Posted: Wednesday 3rd October 2012 at 12:09 pm

US Embassy organizes science workshop for girls

Over the years, employable skills in the field of maths and science have been dominated by men.

It has become normal to have 2 out of 80 science students been girls.
It is to help change this perception that the Public Affairs Section of the US embassy is organizing a week long workshop in Accra, Tamale and Kumasi for school girls aged 10-14.

Women and girls have historically been under-represented in the study of math and science.

Interestingly, female students have over the years accepted the perception, science and maths are for the “sharp brain” – boys.

Speaking to Joy News, during the Accra program, Director General, Ghana India Kofi Annan center of excellence in ICT, Dorothy Gordon explained, for Ghana’s economy to expand, more focus needs to be paid on promoting science and math education in the Junior and Senior High Schools.

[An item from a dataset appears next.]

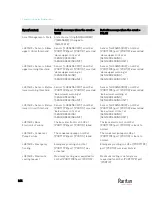 Preview for 256 page of Raritan PMC-1000 User Manual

She said “Society is becoming even more technology driven than in the past and if we are going to keep up and Ghana is going to be competitive, it’s very important that we harness all our brains.

We cannot leave 51% of the nation’s brains behind and say that they are not going to partake in this technological revolution. So it is very important for Ghana – if we are going to be competitive that we harness all our brains – and that includes girls, young women and women.”

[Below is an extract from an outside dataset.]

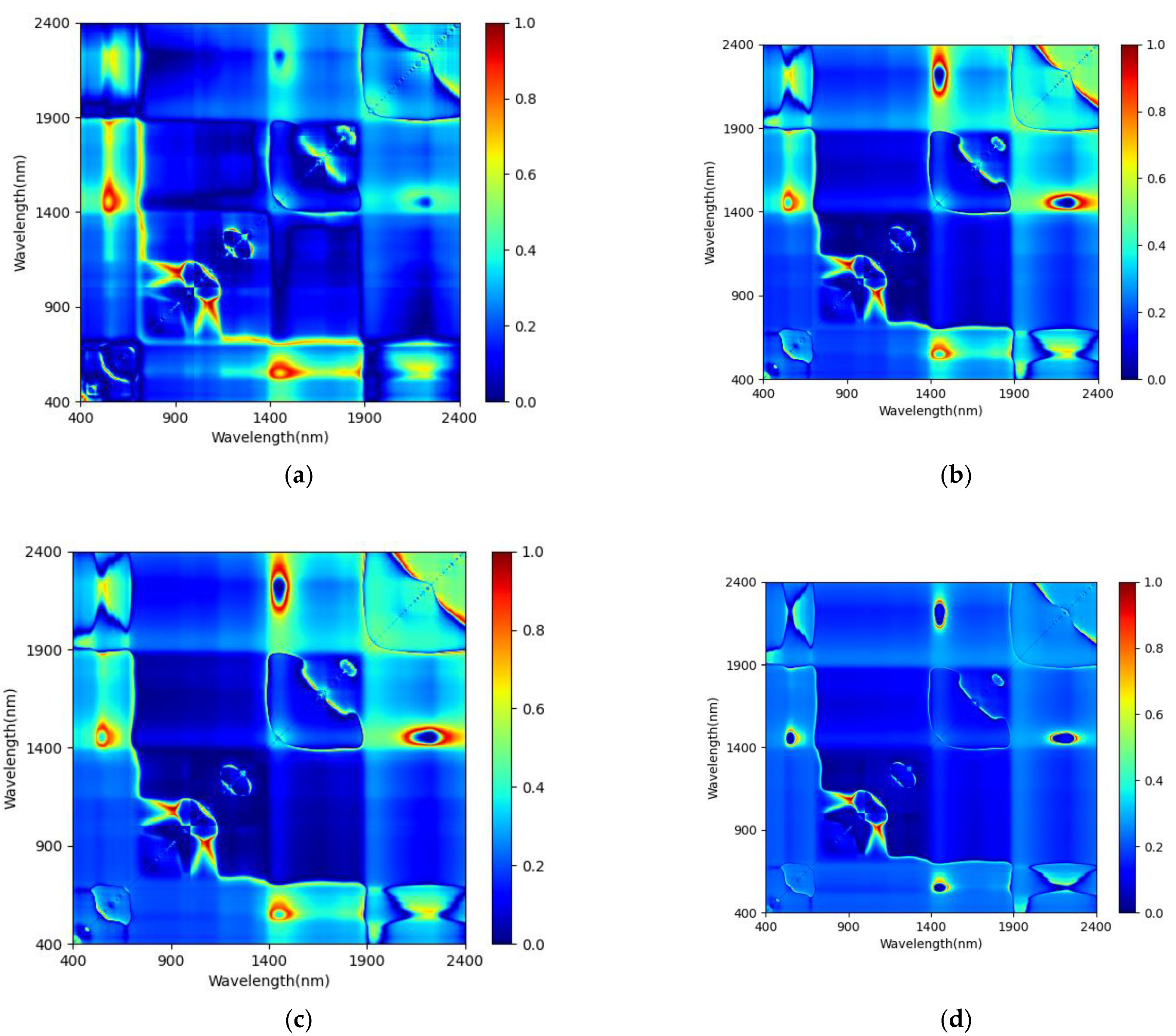 Forests 12 01208 g0a5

She refuted the notion that science education and professional careers in science is limited to being a doctor.

Dorothy Gordon, also called for an improvement in the quality of math and science teachers. According to her there is the “need to send very clear messaging that is something you can do as a young person it is a possibility”.

The aim of this program is to heighten their interest in math and science and also encourage them to venture into careers such as IT specialists and engineering.

Dr. Kimberly Brown, a Resource Person at the workshop, encouraged girls to take the study of math and science seriously. She noted that “the future in every economy is going to be technical jobs. So if we don’t get a lot more girls involved in technical jobs, we are going to be left out …. Computers, ICT, robotics, technology”.